== DATA PROVIDED ==
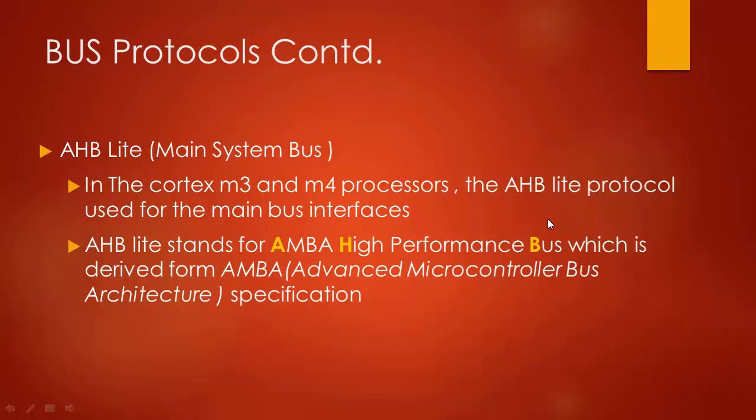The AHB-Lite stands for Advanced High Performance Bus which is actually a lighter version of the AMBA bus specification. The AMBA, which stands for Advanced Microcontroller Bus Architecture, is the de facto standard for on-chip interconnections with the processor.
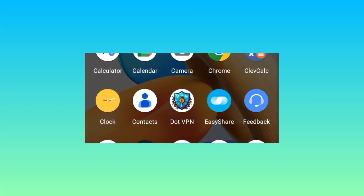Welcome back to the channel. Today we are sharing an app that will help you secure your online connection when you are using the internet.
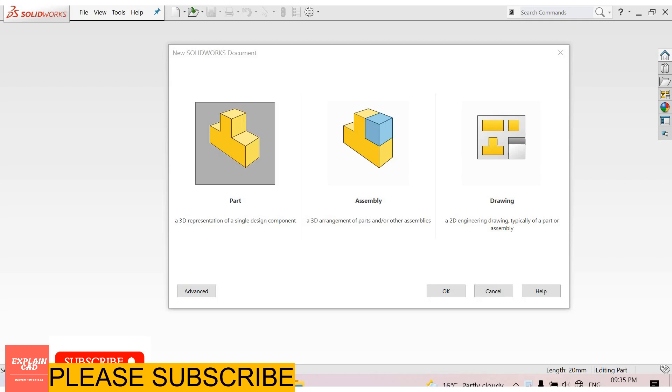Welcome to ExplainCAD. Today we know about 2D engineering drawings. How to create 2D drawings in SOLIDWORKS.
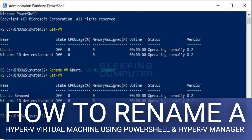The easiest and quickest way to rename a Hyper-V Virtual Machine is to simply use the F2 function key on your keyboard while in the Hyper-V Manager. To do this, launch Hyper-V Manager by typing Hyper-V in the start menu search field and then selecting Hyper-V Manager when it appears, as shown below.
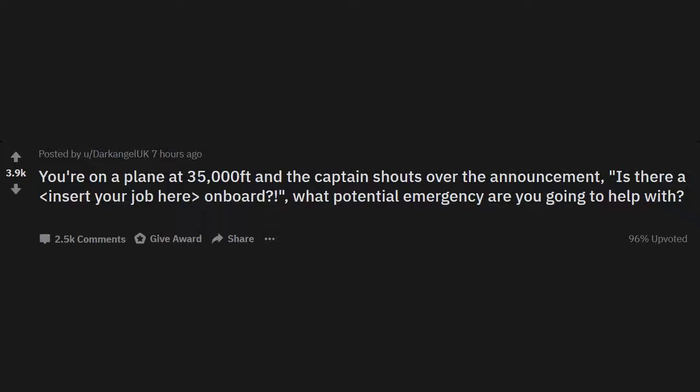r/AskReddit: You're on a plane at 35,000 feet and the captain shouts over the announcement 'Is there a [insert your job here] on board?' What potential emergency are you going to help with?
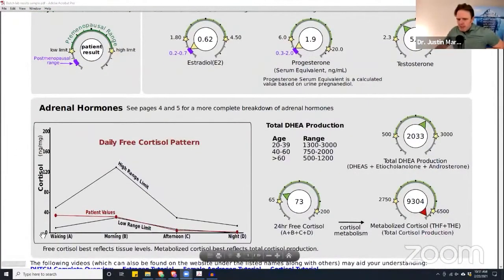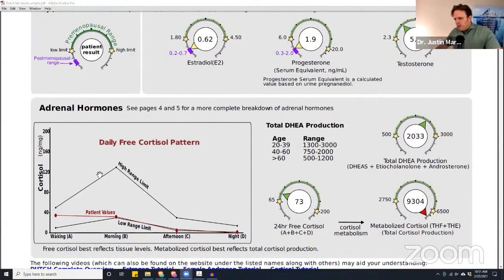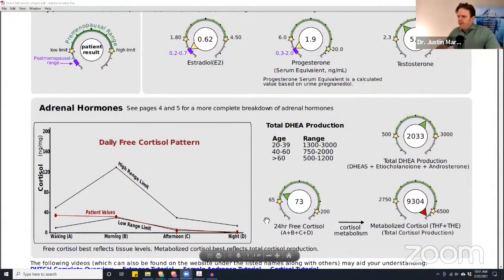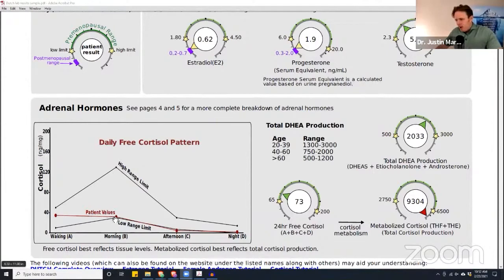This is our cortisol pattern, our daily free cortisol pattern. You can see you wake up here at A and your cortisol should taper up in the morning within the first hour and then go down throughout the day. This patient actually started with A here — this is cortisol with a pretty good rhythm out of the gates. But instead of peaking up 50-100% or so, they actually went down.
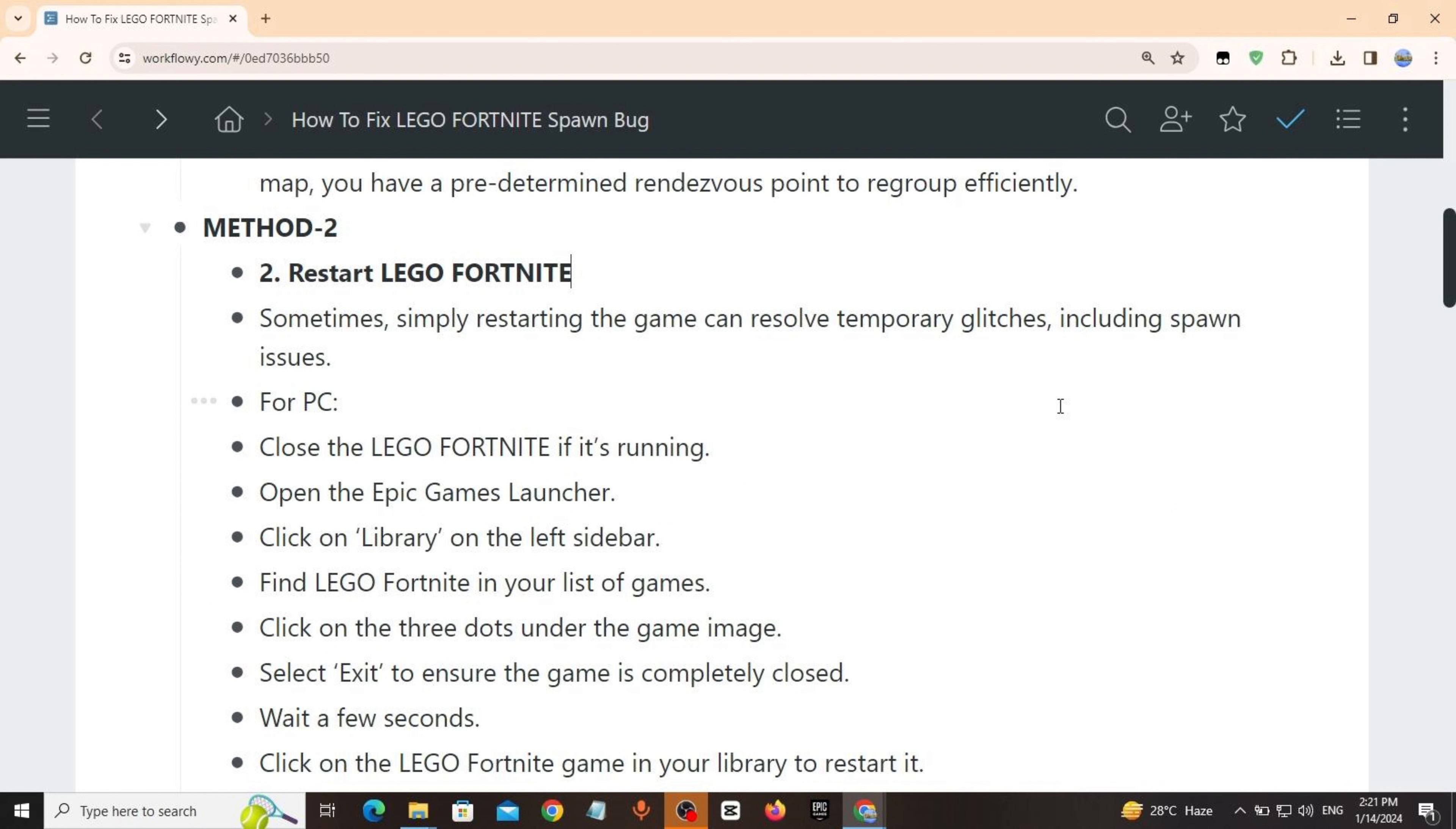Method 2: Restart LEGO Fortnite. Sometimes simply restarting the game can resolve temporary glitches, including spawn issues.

== TASK DESCRIPTION ==
Leave the images out and transcribe the rest of the material exactly.

== TASK RESPONSE ==
The AHB-Lite stands for Advanced High Performance Bus which is actually a lighter version of the AMBA bus specification. The AMBA, which stands for Advanced Microcontroller Bus Architecture, is the de facto standard for on-chip interconnections with the processor.
Welcome back to the channel. Today we are sharing an app that will help you secure your online connection when you are using the internet.
Welcome to ExplainCAD. Today we know about 2D engineering drawings. How to create 2D drawings in SOLIDWORKS.
The easiest and quickest way to rename a Hyper-V Virtual Machine is to simply use the F2 function key on your keyboard while in the Hyper-V Manager. To do this, launch Hyper-V Manager by typing Hyper-V in the start menu search field and then selecting Hyper-V Manager when it appears, as shown below.
r/AskReddit: You're on a plane at 35,000 feet and the captain shouts over the announcement 'Is there a [insert your job here] on board?' What potential emergency are you going to help with?
This is our cortisol pattern, our daily free cortisol pattern. You can see you wake up here at A and your cortisol should taper up in the morning within the first hour and then go down throughout the day. This patient actually started with A here — this is cortisol with a pretty good rhythm out of the gates. But instead of peaking up 50-100% or so, they actually went down.
Method 2: Restart LEGO Fortnite. Sometimes simply restarting the game can resolve temporary glitches, including spawn issues.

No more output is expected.